Loose lips sink ships.
So went one of the first iconic public service campaigns of what is known today as the Ad Council, in a campaign to educate and remind Americans to be, “discreet in their communication to prevent information from being leaked to the enemy during World War II.”
Today, the mission of the Ad Council is simple:
“We identify a select number of significant public issues and stimulate action on those issues through communications programs that make a measurable difference in our society”
Full disclosure: I have the humbling honor of being this year’s Chairman (a rotating position in the ad industry), and my company, Y&R, is a founding member from the 1940s. Y&R has worked on a number of campaigns for the Council, most notably working with the UNCF (the United Negro College Fund) for the past 45 years. The memorable “A Mind is a Terrible Thing to Waste” we coined is a powerful thought that is still resonating today.
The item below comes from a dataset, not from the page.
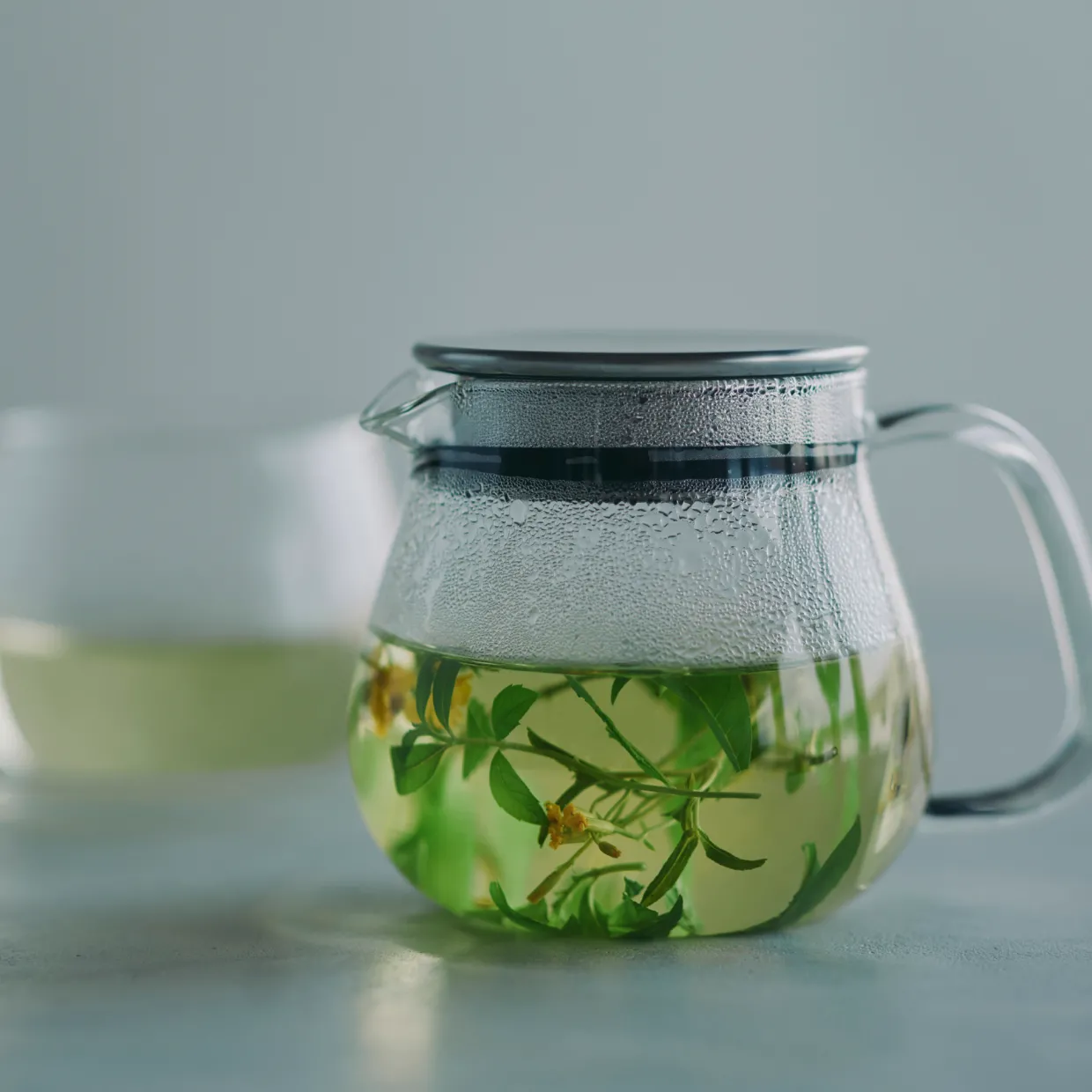 Unitea One Touch Teapot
Some of the most loved and revered characters and slogans in American advertising history live on as well, from Smokey Bear to McGruff the Crime Dog, the Crying Indian who ushered in the first Earth Day, and of course, ‘Just Say No,’ which introduced Nancy Regan’s anti-drug program.
But I digress. Let me return to its founding.
At the start of World War II, President Franklin Roosevelt recognized the potential of leveraging advertising and media communities together to support the war effort. Because the country was unprepared for war, the need for public education was critical.
Christened, “The War Advertising Council,” its first effort encouraged Americans to purchase war bonds. When the campaign ended some 38 years later, $35 billion in war/savings bonds had been sold.
Of equal power (and in retrospect so ahead of its time) was the drive to recruit women for jobs in industries important to the war effort. Dubbed, “The More Women at Work, the Sooner We’ll Win,” this campaign helped to bring over 2 million women to the workplace. But more importantly, the campaign created social change, as employment outside of the home started to become socially acceptable and desirable for women.
So powerful and measurable were the results of the Council’s work, that even before the war ended, President Roosevelt encouraged them to continue working in peacetime. In 1946, the name was officially changed to The Advertising Council. Its focus shifted to saving lives, the environment, global engagement, prevention of all kinds… and love.
Still, after all these years, what makes The Ad Council so extraordinary is that it is arguably the only place in today’s business landscape of intense competition and ruthless cost-cutting where 24/7 competitors put aside everything and work together for the better good.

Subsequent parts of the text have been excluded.